What needs to be done: Copy the data below exactly. Any pictures in it should be omitted.

--- Collected material ---

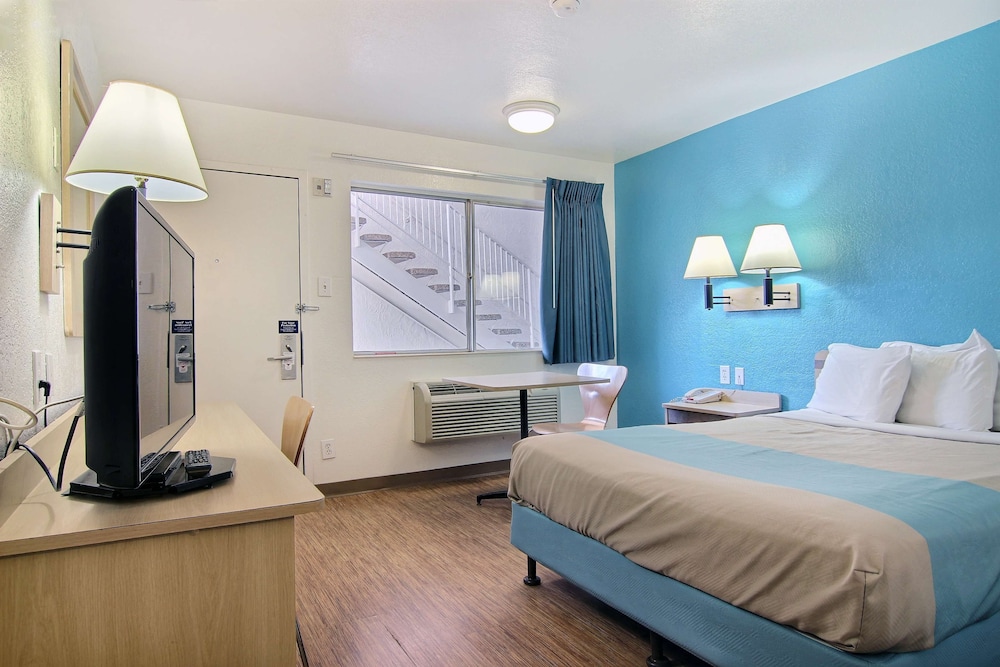 Deluxe Room, 1 Queen Bed, Non Smoking, Kitchenette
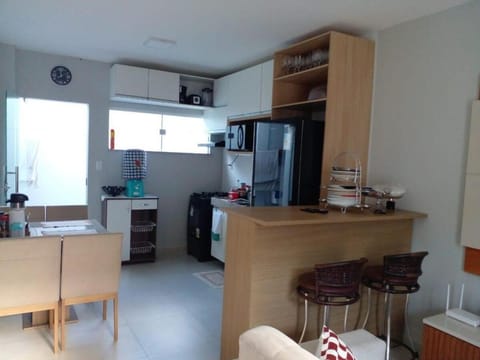 Kitchen or kitchenette, Dining area, stove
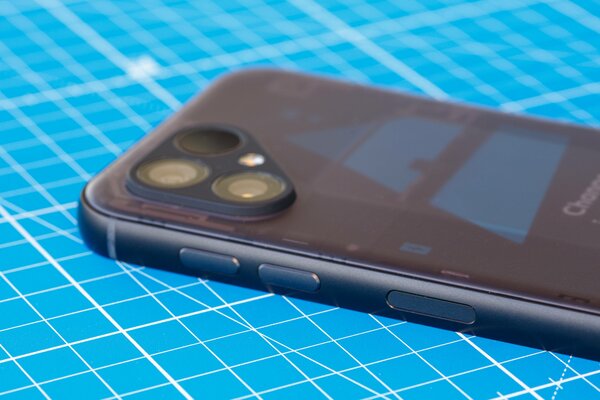 Тестирую смартфон-конструктор Fairphone 5: сменная батарея, специальный Qualcomm и 8 лет обновлений — Дизайн. 7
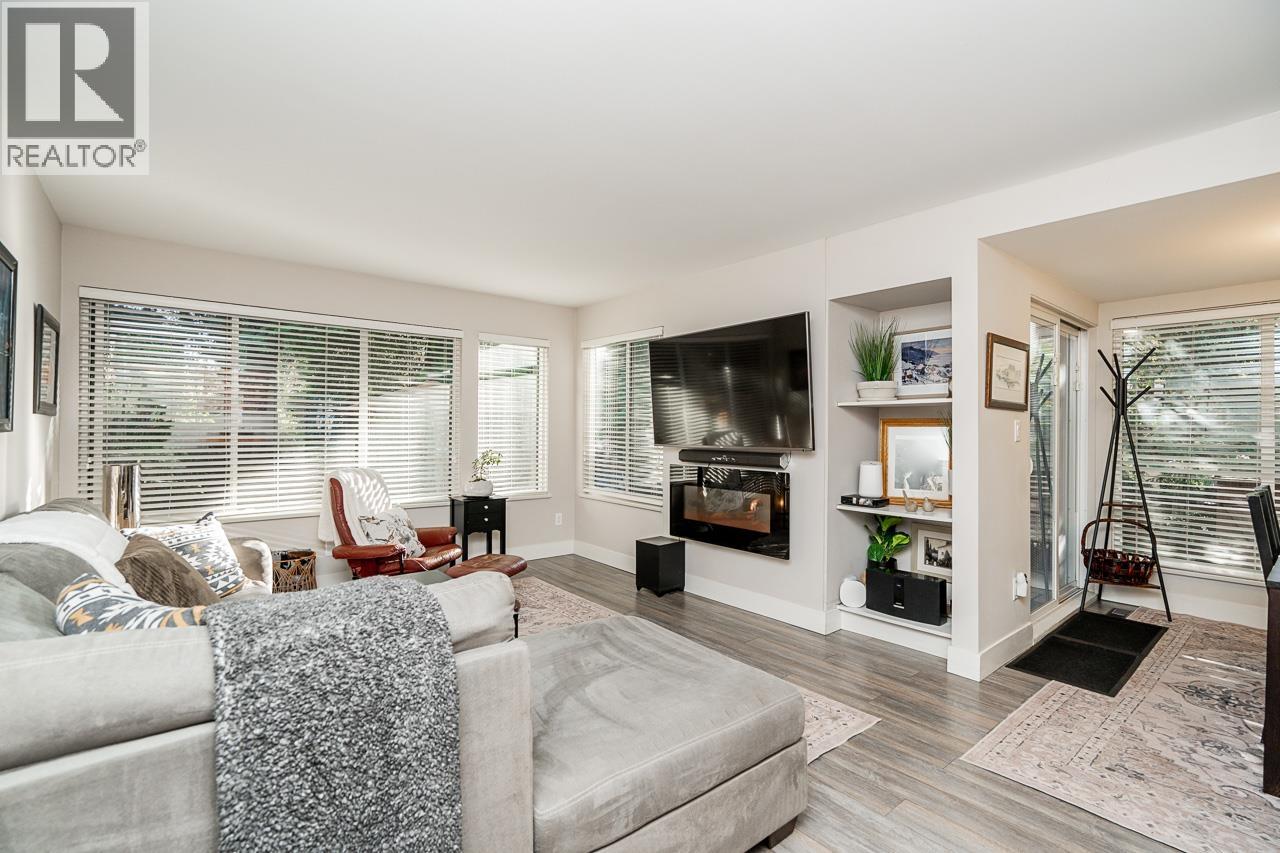 4590 Elmgrove Drive, Burnaby, British Columbia  V5G 3Y8 - Photo 4 - R3081103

---

Task result:
 Deluxe Room, 1 Queen Bed, Non Smoking, Kitchenette
 Kitchen or kitchenette, Dining area, stove
 Тестирую смартфон-конструктор Fairphone 5: сменная батарея, специальный Qualcomm и 8 лет обновлений — Дизайн. 7
 4590 Elmgrove Drive, Burnaby, British Columbia  V5G 3Y8 - Photo 4 - R3081103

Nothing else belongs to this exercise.